Życzmy sobie spełnienia nadziei.
Jerzy Baczyński
Mój pierwszy raz
Widmo krąży po mediach - widmo interaktywne.
W języku mediów interaktywny to taki program, w którym zamiast senatora Marka
Borowskiego czy profesor Jadwigi Staniszkis na antenie radia i telewizji
rozlegają się telefony od słuchaczy. Słuchacze i widzowie zamiast słuchać i
patrzeć - sami zaczynają mówić. Błędne koło - słuchacze słuchają słuchaczy, a
w studiu zostawia się tylko dyżurnego, który odbiera telefony i mówi: „Dzwoni
pan Waldemar z Kościerzyny”.
Program
interaktywny oznacza upragnioną wymianę elit, gdyż trudno sobie wyobrazić, iż
były prezydent czy członek akademii nauk wieczorami telefonuje do radia, by
przekazać swoje stanowisko w sprawie szczepień lub Unii Europejskiej.
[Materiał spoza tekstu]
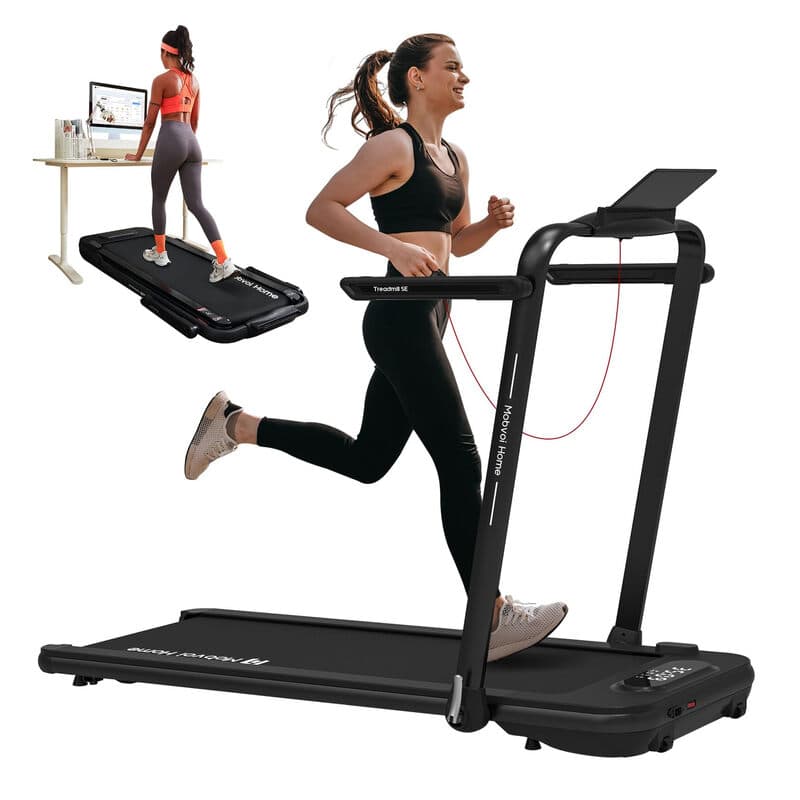 Mobvoi Home Treadmill SE Slimme AI 3-in-1 Opvouwbare Treadmill Walking Pad Onder het Bureau Hardloopapparaat 2,5 PK Compact Draagbaar Afstandsbediening TicSports APP Eenvoudig op te bergen voor thuis en op kantoor 120 kg 12 km/u Zwart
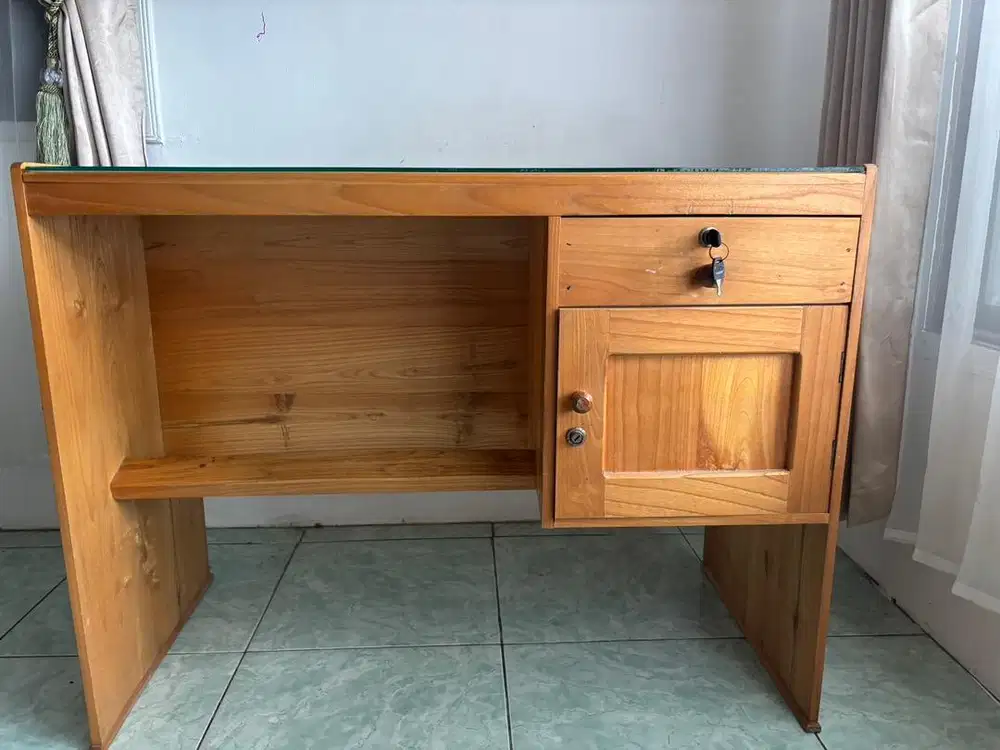 JUAL CEPAT MEJA KAYU 95 x 46 SOLID MINIMALIS KLASIK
Nawet
ambasador Mosbacher nie telefonuje do premiera po nocach, tylko przekazuje
swoje refleksje na piśmie. (Premiera trudno zresztą złapać telefonicznie, gdyż
albo jest na nabożeństwie, albo na spotkaniu, albo - jak z panem Solorzem - na
jednym i drugim jednocześnie). Zamiast autorytetów, zaproszonych z wielkim
trudem do radia, wpuszczamy na antenę seniorów, choćby panią Janinę z Wałbrzycha,
która telefonuje, żeby powiadomić, że dzieci w szkole są przeciążone nauką i
tornistrami, a przecież mają prawo do szczęśliwego dzieciństwa, lub że mycie
zębów w szkole powinno trwać najmniej tyle co mycie nóg. Media interaktywne
mają ogromną przewagę nad tradycyjnymi: zamiast samemu przygotowywać program,
wpuszczamy na antenę kogokolwiek (wszak go nie znamy), a sami oglądamy w tym
czasie „Kropkę nad i” lub ucieramy twaróg na paschę.
Zamiast tworzyć w
mękach felieton, lepiej zlecić pisanie czytelnikom. Kończą się felietony w
starym stylu, które wymagały kultury Toeplitza, erudycji Hartmana, poczucia
humoru Głowackiego i Tyma. Teraz wszystko musi być interaktywne! A więc i ja,
żeby utrzymać się przy życiu, ogłaszam pierwszy na świecie felieton interaktywny,
napisany przez przyjaciół i czytelników. Moja rola polega już wyłącznie na
zadaniu tematu („Ja rzucam myśl, a wy ją łapcie”, jak mawiał pewien stary
komunista, Paweł Hoffman albo Roman Werfel, na jedno wychodzi). Więc zadaję
moim bliskim temat: „Mój pierwszy raz”.
Większość osób, które pytam: „Jaki był twój
pierwszy raz?”, patrzy na mnie nieufnie. „Niby taki bywalec i światowiec, a po
prostu cham” - myślą. Ale kiedy wyjaśniam, że nie chodzi mi o to, co oni
myślą, tylko o to, kiedy po raz pierwszy... jedli coś dziwnego, rozwiązują im
się języki.
Opowiada profesor Adam
Daniel Rotfeld, niekoronowany król polskiej dyplomacji, były minister,
wieloletni dyrektor Sztokholmskiego Instytutu Badań nad Pokojem (SIPRI). W
czasach, kiedy umacniał pokój, Daniel zaglądał także do kuchni: „Rok 1993. Po
raz pierwszy jesteśmy z żoną zaproszeni przez Króla Szwecji Karola XVI Gustawa
i Królową Sylwię na uroczysty dinner z okazji wizyty belgijskiej pary
królewskiej. »Ma Pan szczęście - szepnęła mi do ucha Dama Dworu. -
Uczestniczymy w wydarzeniu wyjątkowym, ponieważ nie ma w dzisiejszej Europie
wielu koronowanych głów państw. W dodatku król Belgów jest spowinowacony z
naszym królem«. Na czym polega specjalny charakter dzisiejszego wieczoru? -
spytałem swoją sąsiadkę. Akurat kelnerzy nalewali z bogato zdobionych waz zupę.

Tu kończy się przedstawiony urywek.